Some of you, like me, can remember when the seatbelt law came into effect. Some people had a hard time accepting the law that you have to wear seatbelts. One man, a New Zealander named Ivan Segedin took it to an extreme. The police ticketed him 32 times over five years for failing to use his seat belt. Even though this was costing him big money, he refused to buckle up.
Finally, instead of obeying the law, the man decided to rely on deception. He made a fake seat belt that would hang over his shoulder and make it appear that he was wearing a seat belt when he wasn’t. His trick worked. He didn’t get anymore tickets. But then he had a head-on collision. He was thrown forward onto the steering wheel and killed. His fake seat belt couldn’t save him.
If there’s a moral to this story, it’s this: When tested, what’s fake won’t save you.

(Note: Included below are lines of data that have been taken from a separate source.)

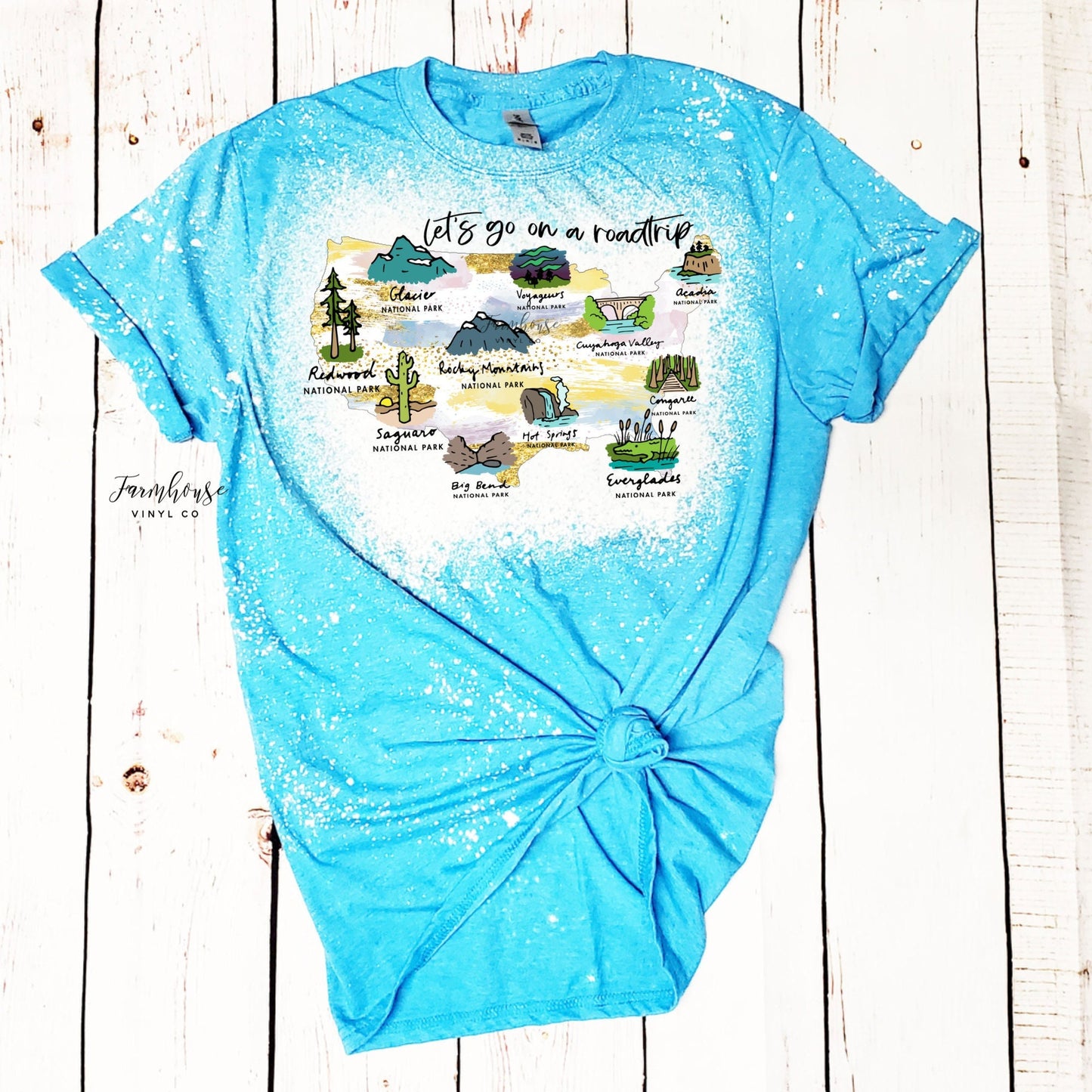 National Parks Road Map Bleached Shirt / 4th of July / Summer Vacation Shirts / NP Souvenir Shirt / Camping Road Trip / Lets Take A Roadtrip - Farmhouse Vinyl Co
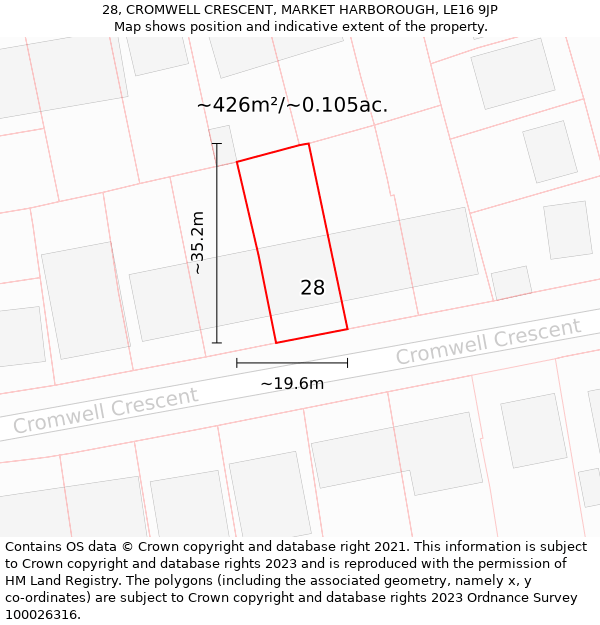 28, CROMWELL CRESCENT, MARKET HARBOROUGH, LE16 9JP: Plot and title map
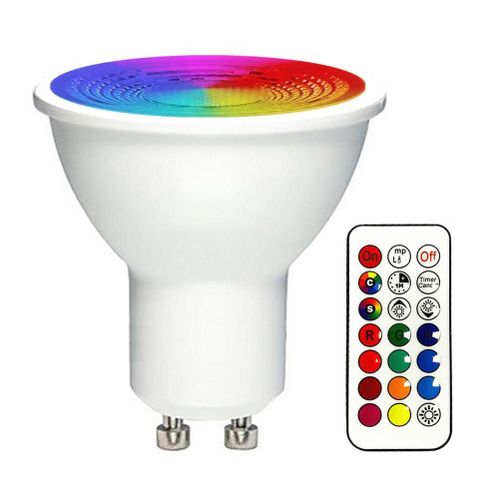 Hjlian Spot Led Rgbw Gu10 A Changement De Couleur, 2 Modes D'eclairage, Ampoule Led Rgb 3 W Avec Telecommande, Fonction De Minuterie Et De Memoire, Pour Bar, Scene, Fete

We’ve been looking at the book of Jude. Jude wanted to write a letter to the church about our common salvation. He wanted to major on what’s real about our faith: the story of Jesus Christ, the Son of God who became man, and who died for our sins and rose to give us new life. But Jude knew there was a problem. He’s writing to a church that has fake seatbelts in use. He’s writing to a church that’s left this common salvation, this faith once for all delivered to the saints, and has instead substituted fake teaching. If you haven’t been here, I hope you’ll take a chance to read the entire book. Jude’s explained why this is a problem we need to be concerned about.
By the way, this is not just a problem for them. Charles Colson, president of Prison Fellowship, says, “Most Christians do not understand what they believe, why they believe it, and why it matters.” For two years, Colson asked mature believers to name the fundamentals of the faith. Most of them, he says, looked surprised and perplexed. They came up with a short list. Colson has stopped in the middle of some of his speeches, and asked the audience, “What is Christianity anyway?” At one church in the Bible belt, there was silence for what seemed to be a full minute before three or four painful answers. Colson concludes, “Our ignorance is crippling us.”
Remember: when tested, what’s fake won’t save you. So today we come to the end of Jude. Jude has been explaining why it’s so important that we don’t accept false teachings. But Jude doesn’t spend all of his time condemning false teachers. Today he’s explaining to us how we can respond to false teachings. He says we need to take three steps to hold on to what’s real. Here’s the first:
1. Don’t be surprised by false teachers.
Throughout this letter, you get the impression that Jude is not conveying new information. He’s reminding us of something. For instance, in verse 5 we read: “I want to remind you, although you once fully knew it…” (Jude 1:5). Then we read in verses 17-19:
But you must remember, beloved, the predictions of the apostles of our Lord Jesus Christ. They said to you, “In the last time there will be scoffers, following their own ungodly passions.” (Jude 1:17-19)
What he’s saying is that we need to remember that this is to be expected. Don’t be surprised. We have been adequately warned. For instance:
I know that after my departure fierce wolves will come in among you, not sparing the flock; and from among your own selves will arise men speaking twisted things, to draw away the disciples after them. (Acts 20:29-30)
Now the Spirit expressly says that in later times some will depart from the faith by devoting themselves to deceitful spirits and teachings of demons… (1 Timothy 4:1)
But understand this, that in the last days there will come times of difficulty. (2 Timothy 3:1)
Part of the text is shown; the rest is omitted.